[EXERCISE MATERIALS]

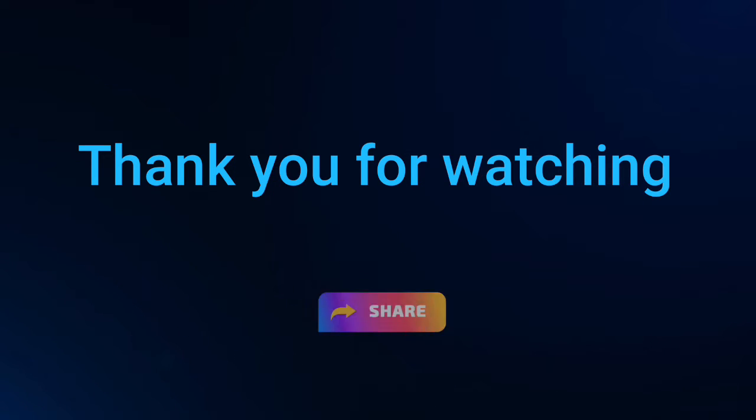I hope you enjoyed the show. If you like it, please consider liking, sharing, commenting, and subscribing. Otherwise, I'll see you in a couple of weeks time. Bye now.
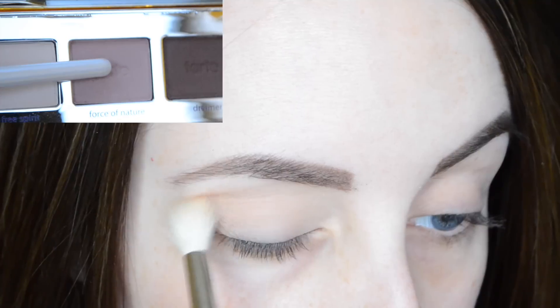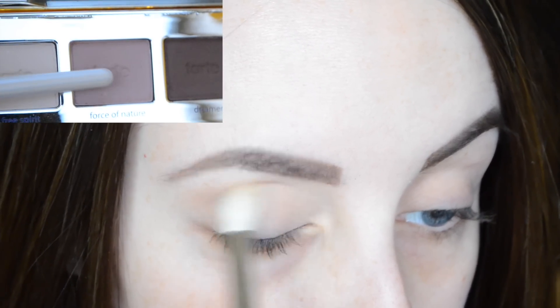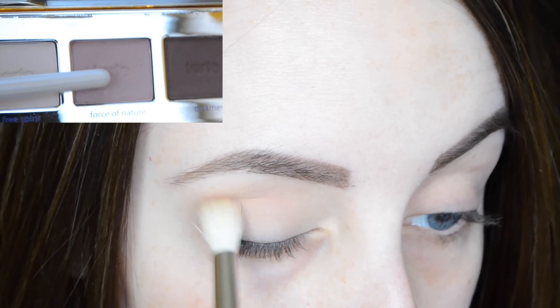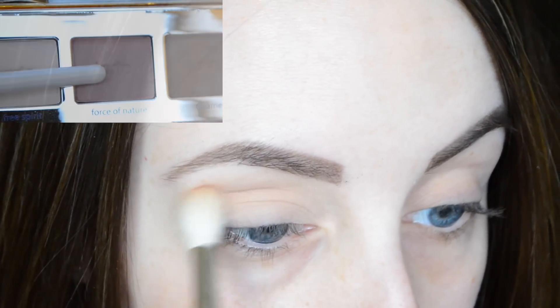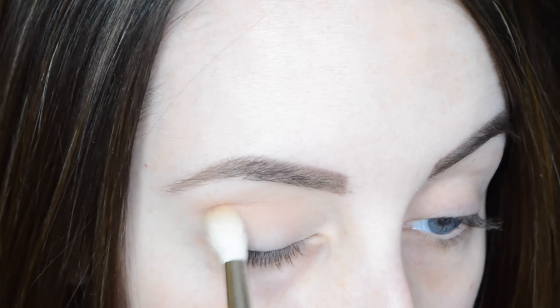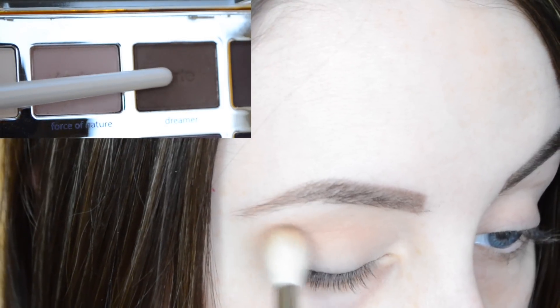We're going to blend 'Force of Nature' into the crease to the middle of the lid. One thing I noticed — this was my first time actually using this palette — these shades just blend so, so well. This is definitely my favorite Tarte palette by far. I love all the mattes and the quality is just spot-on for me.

[/EXERCISE MATERIALS]
[EXERCISE MATERIALS]

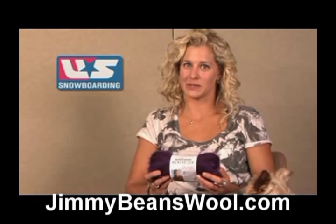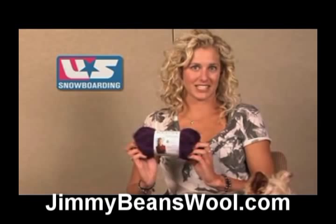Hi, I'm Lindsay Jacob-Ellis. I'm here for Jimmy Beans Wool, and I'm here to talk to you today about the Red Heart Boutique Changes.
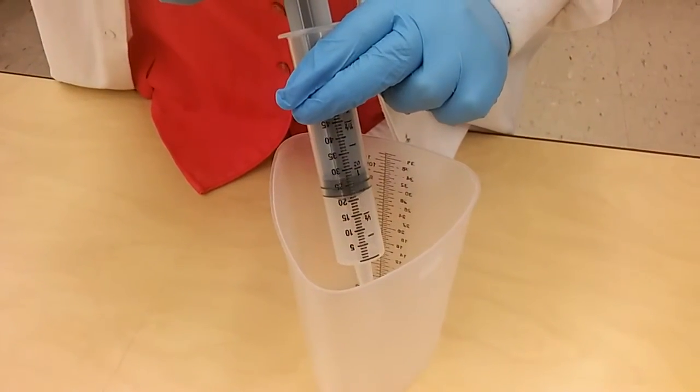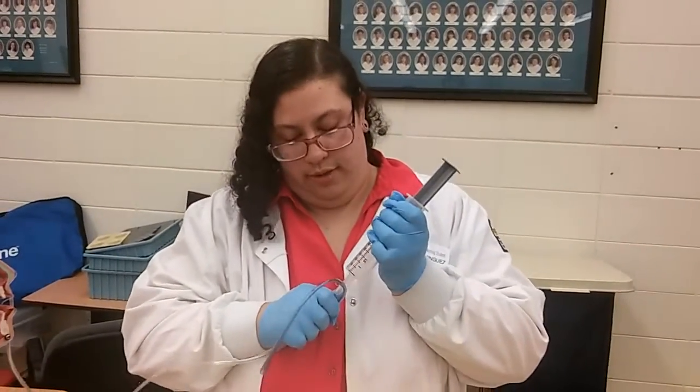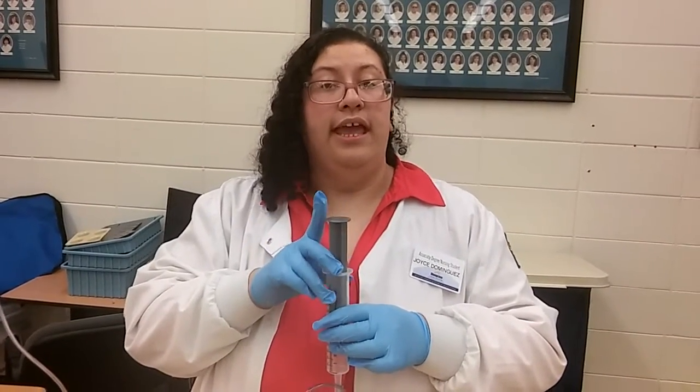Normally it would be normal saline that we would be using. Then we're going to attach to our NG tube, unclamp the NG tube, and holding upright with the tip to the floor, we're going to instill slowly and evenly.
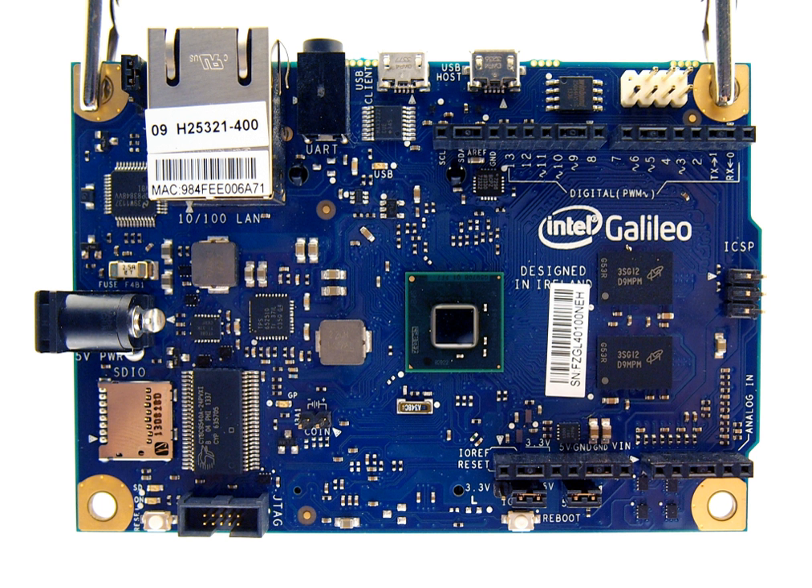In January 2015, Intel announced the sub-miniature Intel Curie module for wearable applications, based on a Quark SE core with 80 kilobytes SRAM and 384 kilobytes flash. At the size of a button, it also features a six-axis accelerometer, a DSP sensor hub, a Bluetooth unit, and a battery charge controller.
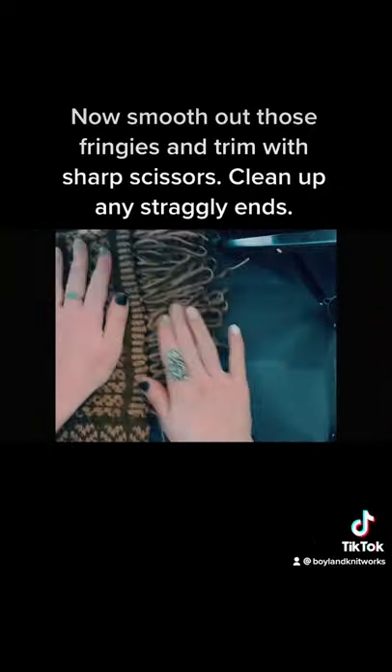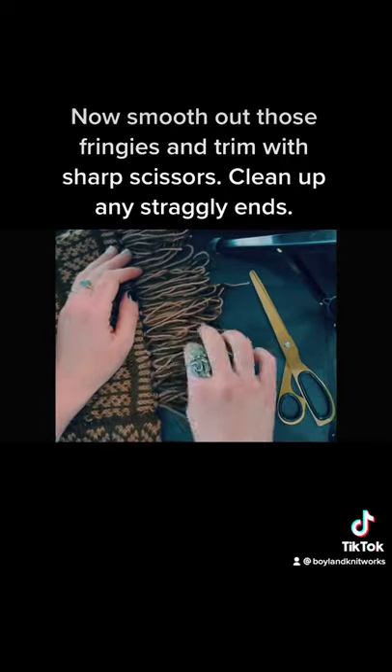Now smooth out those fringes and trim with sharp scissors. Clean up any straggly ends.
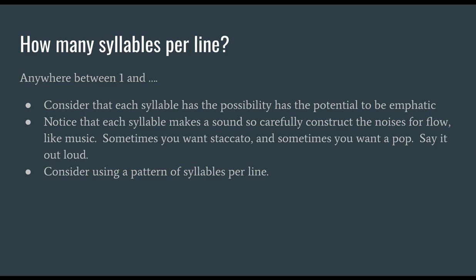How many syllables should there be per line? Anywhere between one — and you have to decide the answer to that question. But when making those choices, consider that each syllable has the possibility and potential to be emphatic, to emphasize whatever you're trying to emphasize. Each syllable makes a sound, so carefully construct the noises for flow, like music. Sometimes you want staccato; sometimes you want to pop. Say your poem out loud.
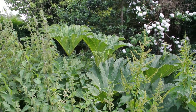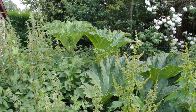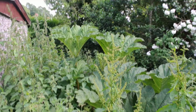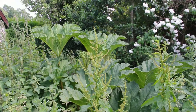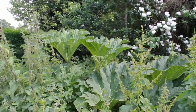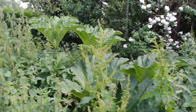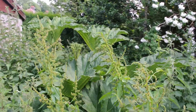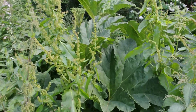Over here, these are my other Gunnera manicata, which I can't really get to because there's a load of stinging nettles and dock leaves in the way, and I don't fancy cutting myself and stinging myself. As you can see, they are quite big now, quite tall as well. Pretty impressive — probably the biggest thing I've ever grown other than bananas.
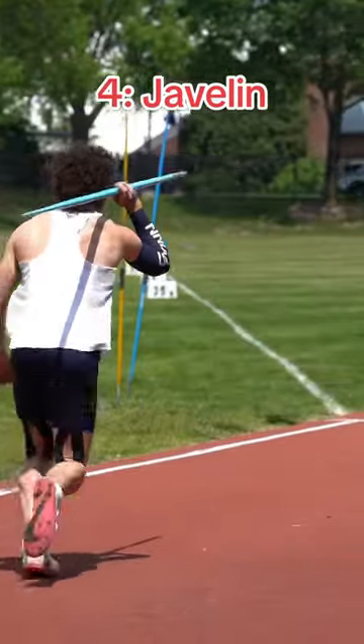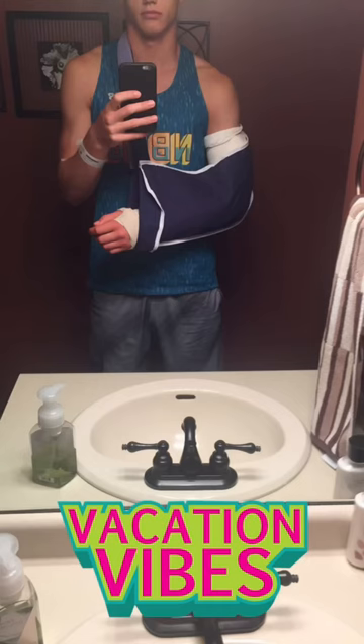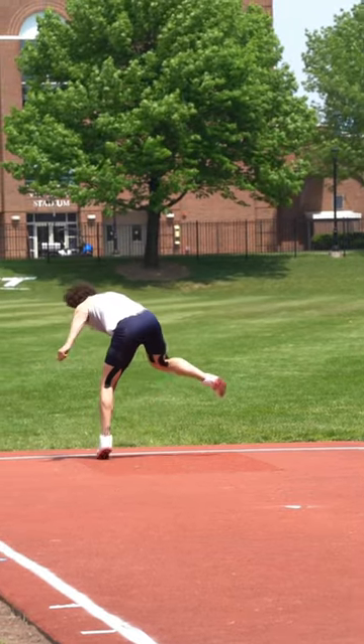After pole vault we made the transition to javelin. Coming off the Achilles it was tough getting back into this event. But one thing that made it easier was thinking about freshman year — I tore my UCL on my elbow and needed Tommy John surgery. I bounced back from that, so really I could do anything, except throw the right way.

[/EXERCISE MATERIALS]

HOW TO COMPLETE THIS TASK → Print an exact copy of the lines above, from the one containing "How many syllables" through the one containing "After pole vault", and leave out the pictures.

FINISHED EXERCISE →
How many syllables should there be per line? Anywhere between one — and you have to decide the answer to that question. But when making those choices, consider that each syllable has the possibility and potential to be emphatic, to emphasize whatever you're trying to emphasize. Each syllable makes a sound, so carefully construct the noises for flow, like music. Sometimes you want staccato; sometimes you want to pop. Say your poem out loud.
Over here, these are my other Gunnera manicata, which I can't really get to because there's a load of stinging nettles and dock leaves in the way, and I don't fancy cutting myself and stinging myself. As you can see, they are quite big now, quite tall as well. Pretty impressive — probably the biggest thing I've ever grown other than bananas.
After pole vault we made the transition to javelin. Coming off the Achilles it was tough getting back into this event. But one thing that made it easier was thinking about freshman year — I tore my UCL on my elbow and needed Tommy John surgery. I bounced back from that, so really I could do anything, except throw the right way.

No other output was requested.